On his blog Cato staffer Will Wilkinson writes that he’ll soon no longer … well … be a Cato staffer — and the same is true of his colleague Brink Lindsey. This is important because Lindsey and Wilkinson have been the two libertarians most closely associated with the “liberaltarian” project — the idea, spawned during the dark George W. Bush years, that libertarians should finally jettison the rather overripe alliance with the increasingly blood-and-iron-oriented political right and seek to build bridges with the left.

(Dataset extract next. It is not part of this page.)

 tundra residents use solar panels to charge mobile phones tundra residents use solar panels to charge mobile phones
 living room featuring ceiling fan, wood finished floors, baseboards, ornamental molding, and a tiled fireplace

Without further details to go on, this has sparked much speculation that the Cato Institute is pushing Lindsey and Wilkinson out the door now that the Obama administration has proven itself just as pushy and sanguinary as its predecessor — and amidst hopes that the Tea Party movement means that the place to be is on the right, after all.
I have no special insight to offer here. What few contacts I had at Cato have largely eroded over the years, as I’ve drifted from professional concerns to professional irrelevance — and a greater focus on family matters. But I will say that I hope the mutterings are wrong; I’d hate to think that Cato is tossing people overboard because they’re too willing to broaden the search for allies.

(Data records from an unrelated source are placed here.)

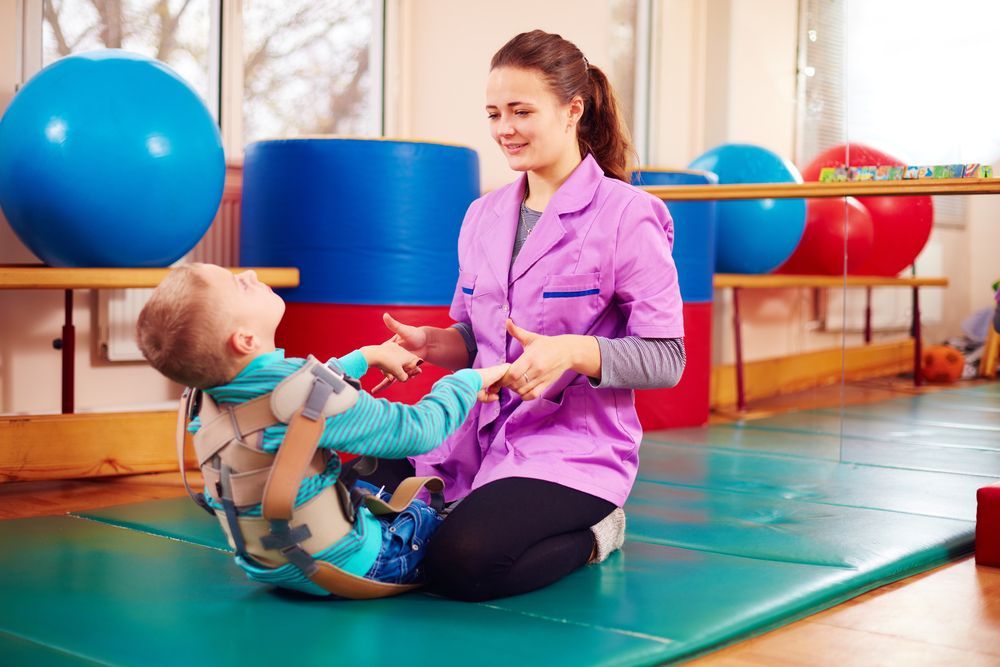 Woman Helping a Child Stretch on a Gym Mat — Accredited Training in Rockhampton QLD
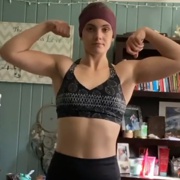 17 years old Powerlifter Maddie Flexing muscles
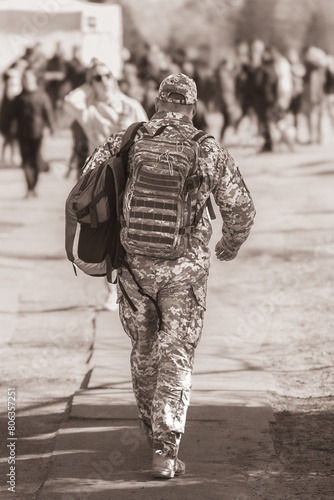 Ukrainian soldier. Male silhouette. Military among civilians. Adaptation of military veterans. Tactical equipment. Military backpack. Term service in the army. Back view.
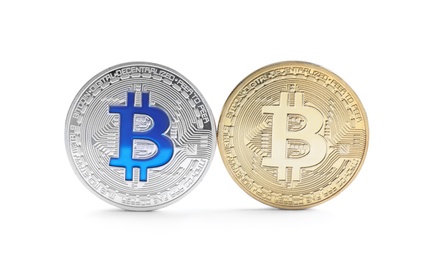 Shiny bitcoins isolated on white. Digital currency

That’s not to say that I support a formal “liberaltarian” strategy. It would be awfully ironic if an individualist, do-your-own-thing political movement were to try to evolve a formal strategy for anything, let alone for designating official friends and enemies. But I think it’s just good sense to look for allies where you can find them, without declaring whole sections of the political spectrum to be “off-limits” or “friendly” territory.
Frankly, political labels don’t really tell us much about whether people generally favor liberty or generally oppose liberty. If we’re discussing the left, it’s not enough to mention that the Obama administration is authoritarian, snoopy and war-mongering — we also need to mention the likes of Nat Hentoff and Harvey Silverglate, and the great good they’ve done for the cause of freedom. As for the right … perhaps the Tea Party movement does represent a revival of a right-wing interest in personal freedom and limited government, but did I mention eight hideous years of George W. Bush?

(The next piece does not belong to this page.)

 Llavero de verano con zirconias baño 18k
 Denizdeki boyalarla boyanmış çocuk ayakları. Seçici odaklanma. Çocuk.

Basically, we shouldn’t be blinded by labels because they obscure more than they reveal. “Liberal,” “conservative,” “left” and “right” have come to cover such a wide range of views (and a multitude of sins, along with some virtues) that they don’t tell us very much at all. We need to look for friends where we can find them, using our own natural affinities, the language and interests of those we’re approaching, and taking advantage of opportunities as they arise. Lindsey and Wilkinson are probably best suited for outreach to the left, Lew Rockwell and company are certainly more comfortable with the right, and the rest of us should do whatever seems right and opportune.
Libertarians never should have allowed themselves to be associated as a movement with “the right” and we shouldn’t make the same mistake with “the left.” But we should all be willing to treat anybody with an interest in expanding liberty, if only in one area, as a potential ally.